→ Task details
Within the records below, find the line with "Bevande alcoliche. Due" and the line with "Painting panda face", then reproduce exactly those two lines and all lines between them, without any picture.
┏━━
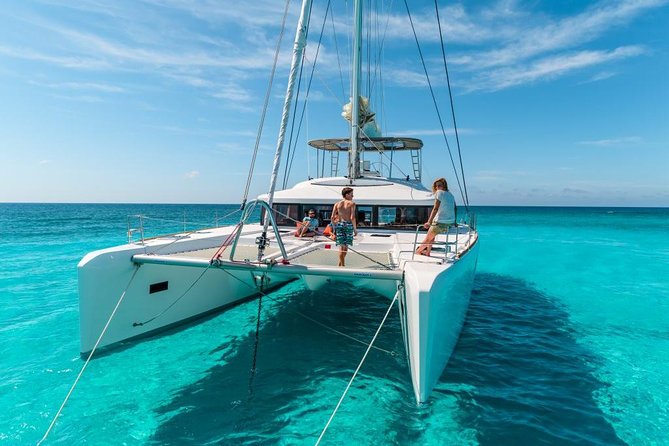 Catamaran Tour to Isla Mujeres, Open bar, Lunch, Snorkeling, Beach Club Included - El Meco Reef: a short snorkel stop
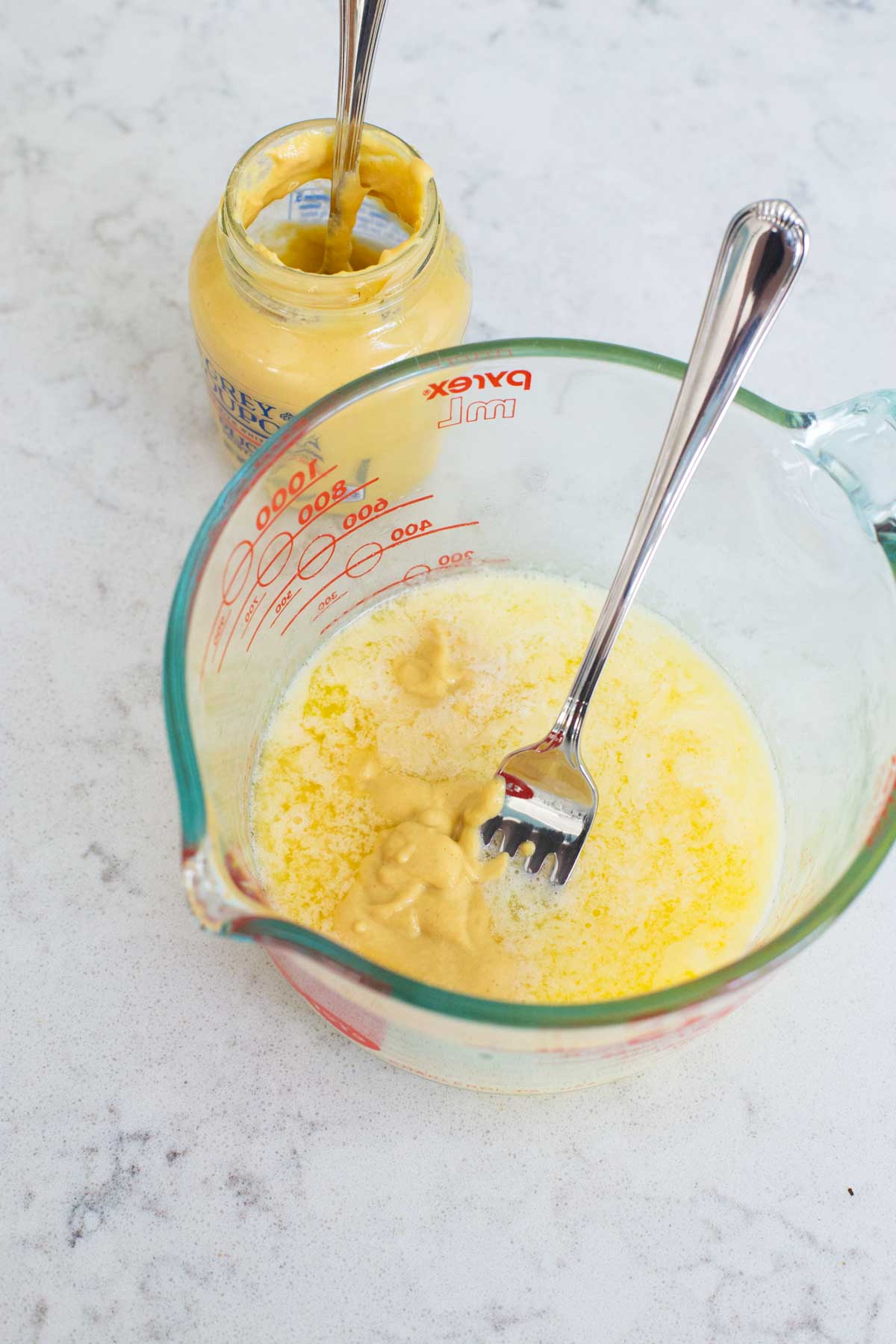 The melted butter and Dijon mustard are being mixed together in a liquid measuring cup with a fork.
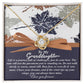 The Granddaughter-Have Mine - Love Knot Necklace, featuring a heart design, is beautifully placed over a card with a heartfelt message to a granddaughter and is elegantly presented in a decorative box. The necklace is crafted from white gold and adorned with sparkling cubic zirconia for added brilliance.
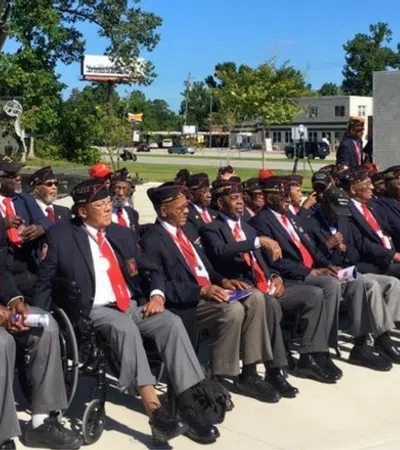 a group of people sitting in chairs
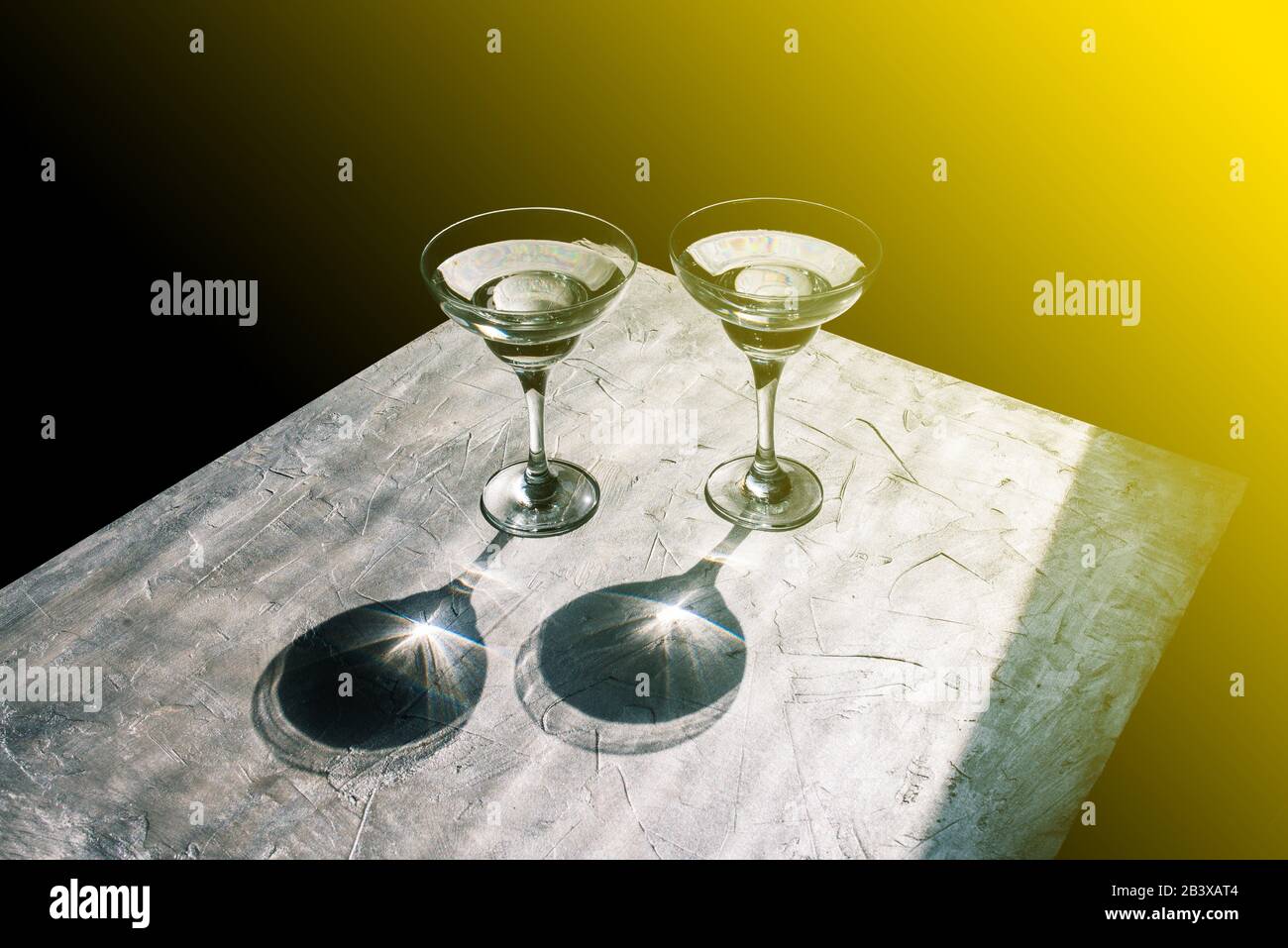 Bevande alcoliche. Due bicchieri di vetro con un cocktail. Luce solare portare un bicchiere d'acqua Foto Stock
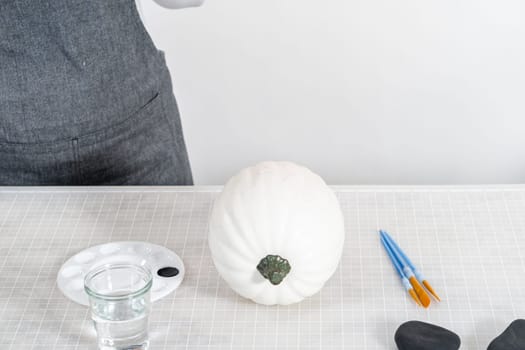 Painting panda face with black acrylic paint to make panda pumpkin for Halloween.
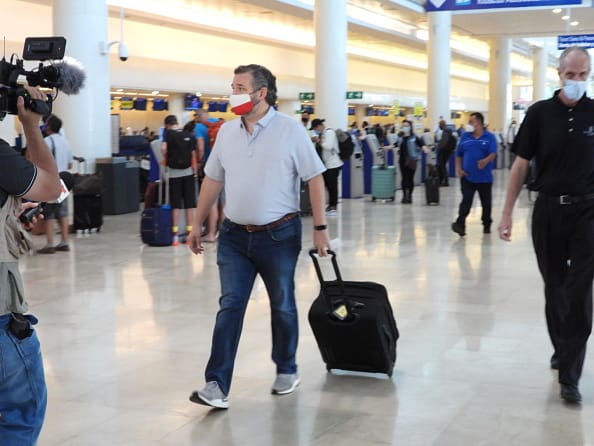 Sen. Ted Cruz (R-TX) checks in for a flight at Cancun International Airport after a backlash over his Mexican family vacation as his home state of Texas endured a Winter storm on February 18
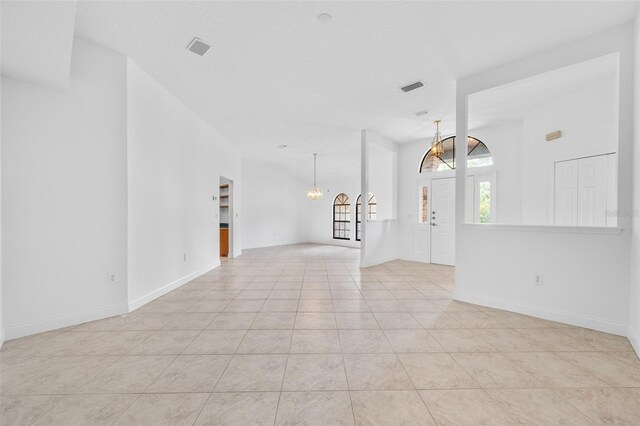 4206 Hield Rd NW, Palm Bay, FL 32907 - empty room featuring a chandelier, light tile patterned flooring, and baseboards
┗━━
→ Output of the task
 Bevande alcoliche. Due bicchieri di vetro con un cocktail. Luce solare portare un bicchiere d'acqua Foto Stock
 Painting panda face with black acrylic paint to make panda pumpkin for Halloween.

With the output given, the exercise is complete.